Jerman masih hanya sedikit terkena dampak epidemi ini. Sejauh ini, hanya ada sepuluh orang yang terkonfirmasi terinfeksi di negara ini dan tidak ada korban jiwa. Kerusakan ekonomi bisa menjadi sangat parah. Karena jika harga saham di Tiongkok turun, Jerman tidak akan terpengaruh. Republik Rakyat adalah mitra dagang paling penting bagi Republik Federal. Volume perdagangan pada tahun 2018 hampir 200 miliar euro. Republik Rakyat dianggap sebagai pasar ekspor yang sangat diperlukan, terutama bagi produsen mekanik dan otomotif Jerman, perusahaan listrik dan kimia. Selain itu, Jerman tidak membeli barang dari negara lain sebanyak yang dibelinya dari Tiongkok.
Dampak ekonomi nyata dari penyebaran virus corona belum dapat diukur secara pasti. Hampir tidak ada yang meragukan bahwa banyaknya pabrik dan kantor yang tutup sementara menyebabkan perusahaan-perusahaan Jerman secara umum merugi setidaknya jutaan. Perusahaan-perusahaan Jerman juga menutup sementara pabriknya. Mereka juga membatalkan perjalanan bisnis dari dan ke Tiongkok. “Situasi di Tiongkok terlihat sangat suram,” kata Neil Wilson. Analis pasar di platform perdagangan online Markets.com. “Kami tidak tahu apa dampaknya.”
Melihat kembali epidemi besar terakhir di Tiongkok mungkin bisa memberikan petunjuk. Akibat wabah Sars pada tahun 2002 dan 2003, pertumbuhan ekonomi Republik Rakyat Tiongkok turun sebesar dua poin persentase dalam beberapa bulan, namun kemudian pulih dengan cepat setelah penyakit ini dapat dikendalikan. Namun, para ekonom memperingatkan bahwa permintaan Tiongkok dan perekonomian global secara umum lebih stabil pada saat itu.
Survei: Industri Tiongkok tumbuh paling lambat dalam lima bulan
Faktanya, epidemi virus corona datang pada waktu yang tidak tepat bagi Tiongkok. Perekonomian Republik Rakyat Tiongkok telah terpuruk selama berbulan-bulan.

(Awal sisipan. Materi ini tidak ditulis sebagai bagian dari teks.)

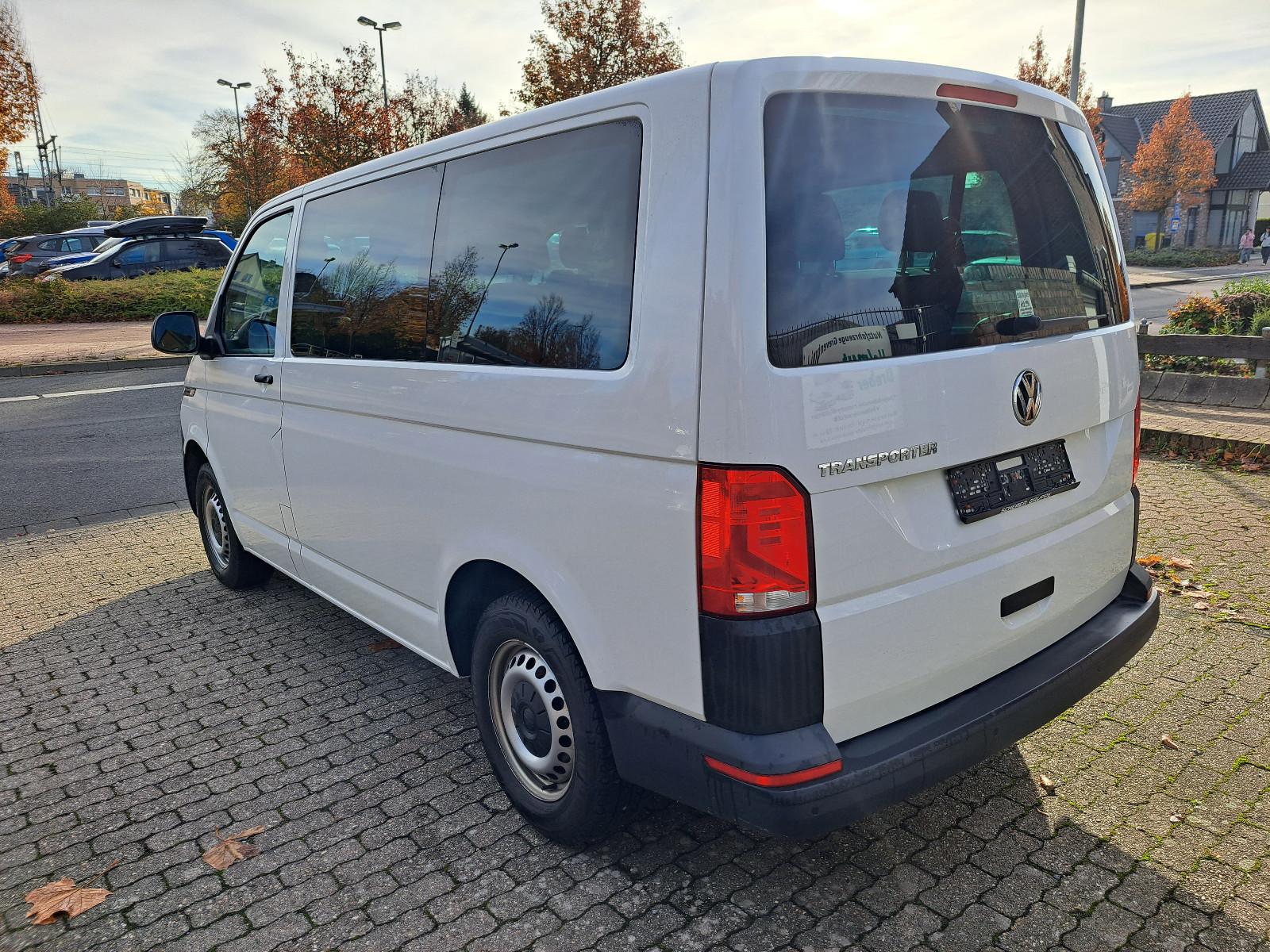 Volkswagen T6.1 9-Sitze*Klima*PDC*Scheckheft*8fach*HUneu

Alasannya beragam, mulai dari masalah dalam negeri hingga perang tarif dengan AS. Meskipun perekonomian Tiongkok tumbuh lebih dari delapan persen pada awal tahun 2000an, Dana Moneter Internasional (IMF) memperkirakan bahwa tahun ini perekonomian Tiongkok hanya akan tumbuh dengan laju yang tidak terlalu besar jika dibandingkan dengan standar Tiongkok. Ditambah enam persen.
Survei Caixin yang disegani di kalangan bisnis juga membawa kabar buruk. Akibatnya, industri Tiongkok tumbuh pada laju paling lambat dalam lima bulan pada bulan Januari. Hasilnya belum mencerminkan merebaknya virus corona. Pembatasan lalu lintas nasional dan tindakan lainnya baru berlaku minggu lalu.

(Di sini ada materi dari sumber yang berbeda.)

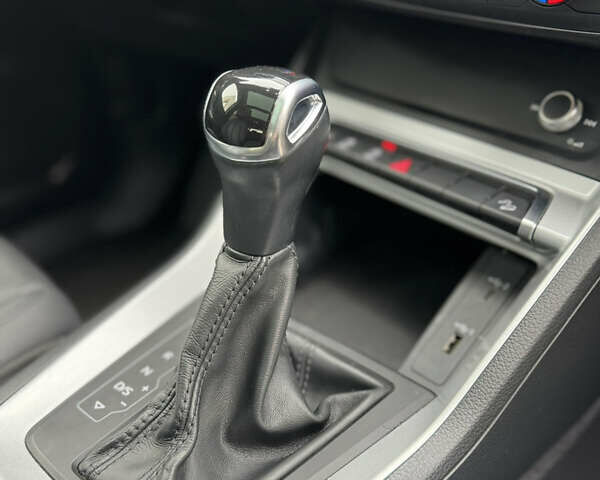 Белый Ауди Ку3, объемом двигателя 1.98 л и пробегом 113 тыс. км за 24999 $, фото 42 на Automoto.ua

Hal ini sangat merugikan perekonomian Jerman. Di penghujung tahun 2019, ia masih berharap meredanya konflik dagang antara AS dan Tiongkok akan membuat bisnis kembali lebih mudah. Sebaliknya, pukulan berikutnya yang menimpa leher kini adalah ancaman epidemi virus corona.
Baca juga: Perselisihan di CDU/CSU: Pemberontakan Huawei Melawan Merkel Runtuh
Tekanan terhadap politisi di dalam negeri kemungkinan akan semakin meningkat. Terakhir, Martin Wansleben, manajer umum Kamar Dagang dan Industri Jerman, mengatakan pada akhir Januari bahwa perekonomian Jerman menghadapi tahun yang penuh tantangan dan menyerukan: “Potong pajak dan tingkatkan investasi publik.” menghadapi penyebaran virus corona harus menjadi lebih sulit.